Friday, February 04, 2005

Back to Bond's beginnings

Casino Royale is next Bond movie
How cool is this? The next Bond film will be an adaptation of Ian Flemming's first 007 novel, "Casino Royale." It is the only Flemming story not used as inspiration for an "official" Bond movie.

There were two earlier versions of "Casino Royale." In the 1950s, before Sean Connery sipped his first martini on film, the story was produced as a live tele-play on CBS, featuring an Americanized "Jimmy" Bond (Bond's CIA buddy Felix Lieter was British in this version).

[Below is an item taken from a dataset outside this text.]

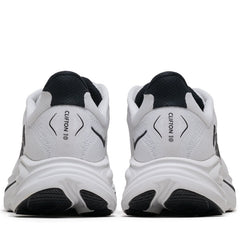 Hoka Clifton 10 - White/Black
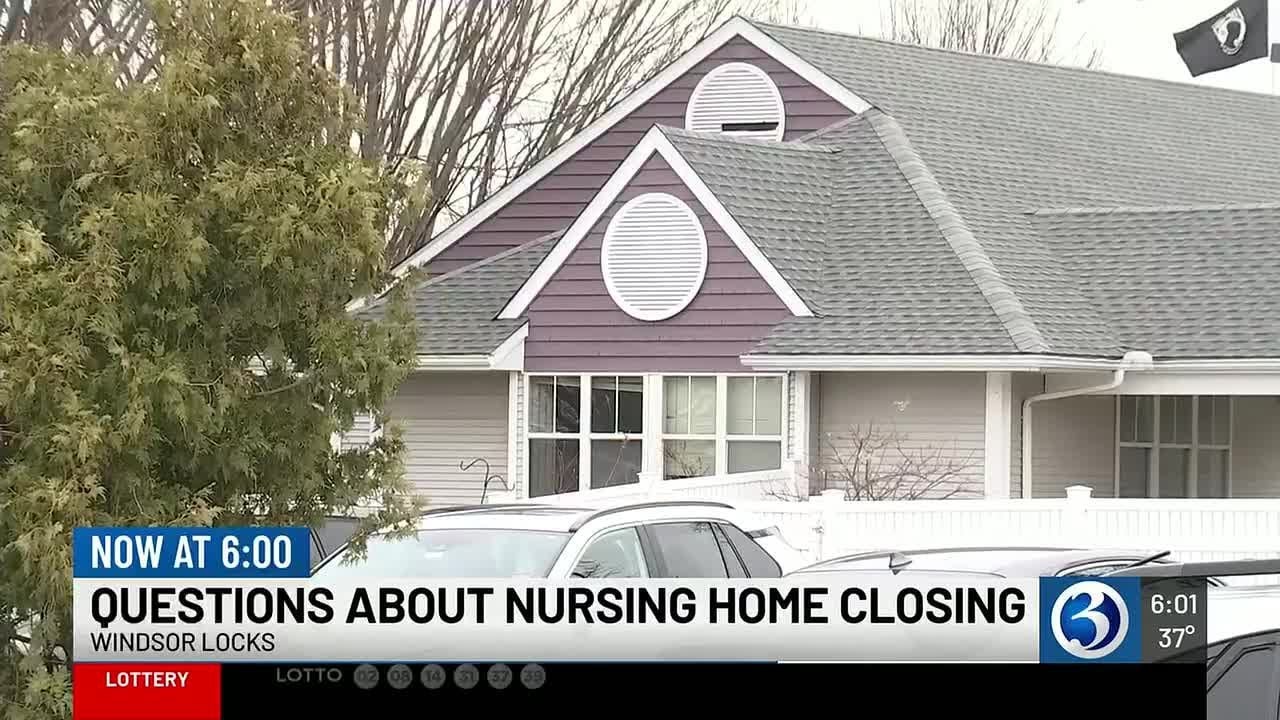Закрытие дома престарелых в Виндзор-Локс вызывает вопросы и опасения.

Then in 1967, during the height of the Connery era, Columbia Pictures secured the rights to "Casino Royale" and produced it as a spoof of the spy movie genre.

I've never read "Casino Royale" (or any of Flemming's novels), but I'm told it was Flemming's most violent story. For a long time, Quentin Tarantino has expressed interest in making the movie and keeping it very faithful to the book.

Instead, it's being made by Martin Campbell, who directed "GoldenEye." The script is being written by the same team who worked on the last couple of Pierce Brosnan movies. It will be interesting to see if they remain close to the book or if it's turned into another big budget, big action spectacle that has made so many Bond purists critical of the Brosnan era (I'm not one of them).

Speaking of Brosnan, he will not be back for a fifth turn as 007. There is still no word yet on who will be getting the part.